STEP 14: UPDATE DRIVERS
Once Windows is up and running, the last step in this process is to update your hardware drivers. This is not an optional procedure.
Insert the CD with the latest drivers (downloaded from the web, or provided otherwise by the manufacturers) and install them starting with the drivers of the motherboard and graphics card and then moving on to the less critical ones (mouse and sound card drivers). Windows comes with basic drivers to get you up and running, but specific or updated drivers are vital. Several reboots later, you should have a fully updated PC!
STEP 15: INSTALL ANTI-VIRUS SOFTWARE AND SETUP A NETWORK/INTERNET CONNECTION
- Before you establish an internet connection, you should first install a good antivirus and firewall product for security reasons (CA’s is strongly recommended).
- Download the latest patches of the operating system.
- Make sure that everything runs smoothly, and then back up your system.
- Save the hardware configuration under Windows. That way you will have a clean, current image of Windows to go back to if serious trouble arises in the future.
- Get your network and internet connection up and running. Plug one end of the ethernet cable into the wall jack and the other end of the cable into the ethernet port of your computer. If you are not sure which jack it is, check the motherboard manual. After everything is connected, your setup should resemble Figure 29.

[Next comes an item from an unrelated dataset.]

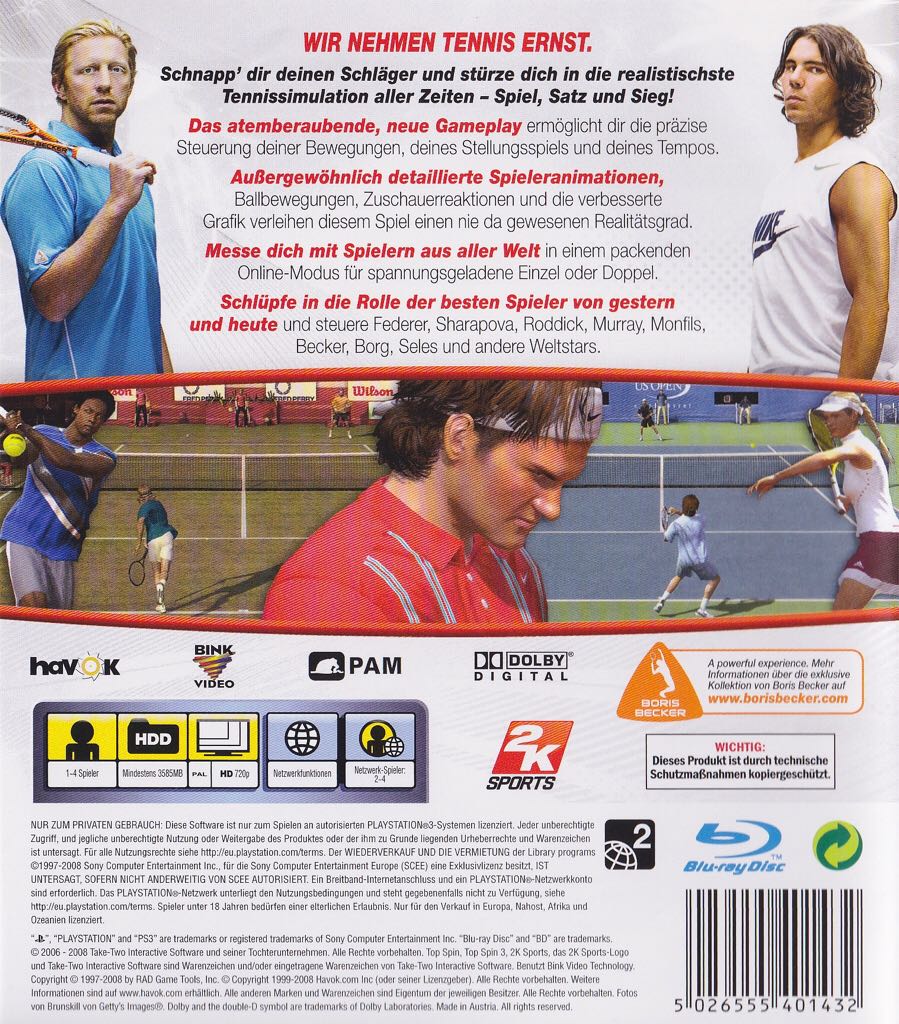 Top Spin 3 - Sony PlayStation 3 (PS3) (2K Sports - 1 - 4) video game collectible [Barcode 5026555401432] - Main Image 2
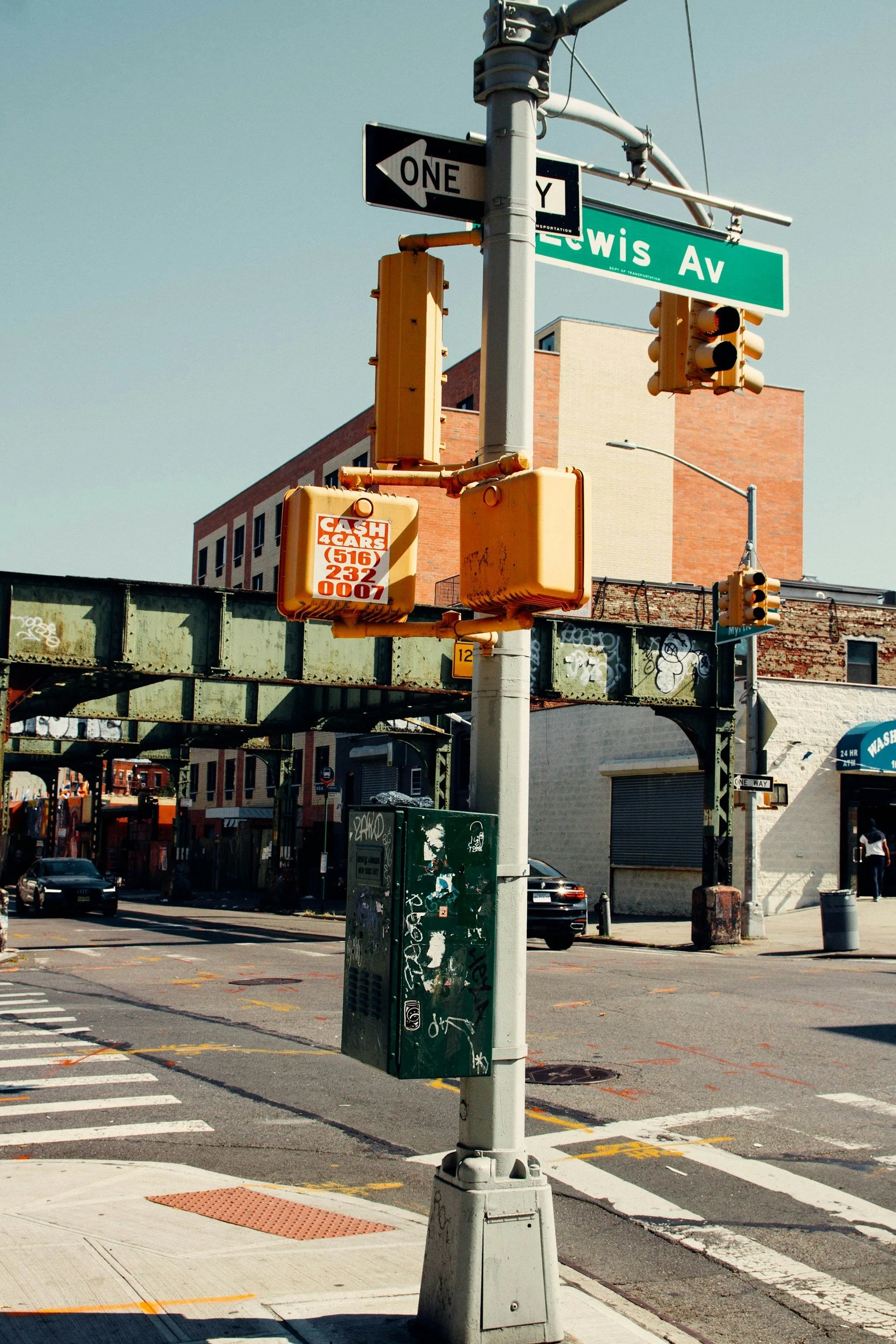 Street corner with traffic light, street signs for Lewis Avenue and a one-way sign, and a yellow taxi fare sign with phone number. Urban setting with buildings, cars, and graffiti.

STEP 16: INSTALL OTHER SOFTWARE
After installing the operating system, you will need to install the software you will be using, such as Microsoft Office, Adobe Photoshop, Corel Draw, and others. Some software will require registration or validation, so have the original discs with the software registration or license key ready. After installing the software, you may need to validate the software with the manufacturer or published via the web or by phone. Once this is all done, you are ready to use your new PC!